How can I retrieve the information of the names (Name 1, Name 2 and Name 3?

I have tried fitting them into an object to make then into an array, but I am still confused as to how to approach it.

const listOfStuff = document.getElementById('list').getElementsByClassName('itemResult')
Eddie
  • 26,593
  • 6
  • 36
  • 58
pam
  • 113
  • 1
  • 10

2 Answers2

4

There is a special convenience method page.$$eval for this task in puppeteer:

let result = await page.$$eval('.nameToRetrieve', names => names.map(name => name.textContent));
console.log(result);

This method runs Array.from(document.querySelectorAll(selector)) within the page and passes it as the first argument to pageFunction.

The result will be:

[ ' Name 1 ', ' Name 2 ', ' Name 3 ' ]

Vaviloff
  • 16,282
  • 6
  • 48
  • 56
2

Not much to do with the puppeteer API I think. On modern browsers (ES6) converting to an array is elegant, and then just map it. Note I assumed nameToRetrieve only appears in stuff you want to retrieve, so no need to get the "list".

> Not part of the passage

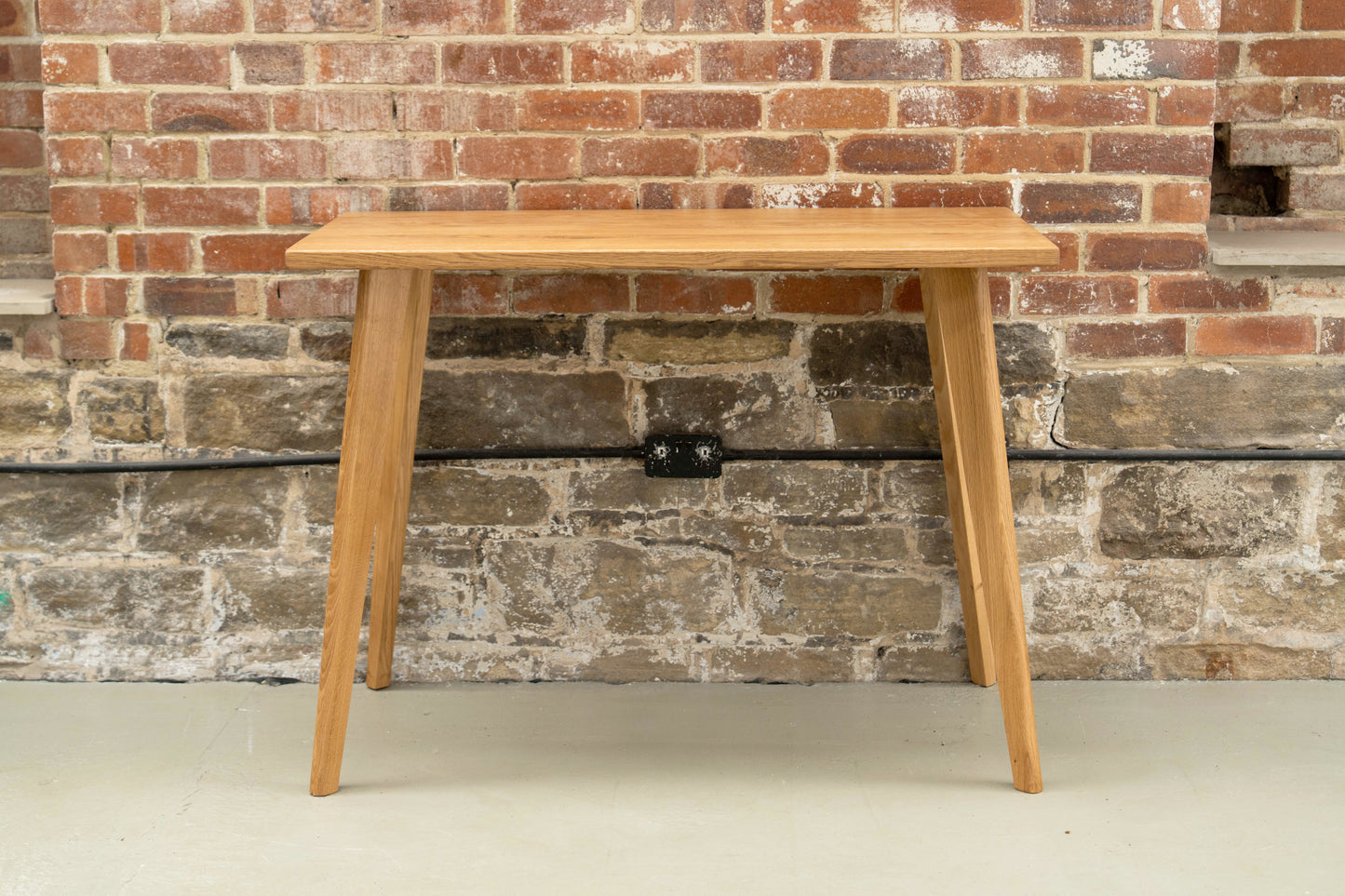Scandinavian Solid Oak Breakfast Bar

var names = Array.from(document.getElementsByClassName("nameToRetrieve")).map(x => x.innerHTML);
console.log(names)
<div id="list">
  <div class="item" pos="0"> 
  <a href="www.somewebsite.com">
    <div class="nameToRetrieve"> Name 1 </div>
  </div>
  <div class="item" pos="1"> 
  <a href="www.somewebsite.com">
    <div class="nameToRetrieve"> Name 2 </div>
  </div>
  <div class="item" pos="2"> 
  <a href="www.somewebsite.com">
    <div class="nameToRetrieve"> Name 3 </div>
  </div>
</div>
kabanus
  • 24,623
  • 6
  • 41
  • 74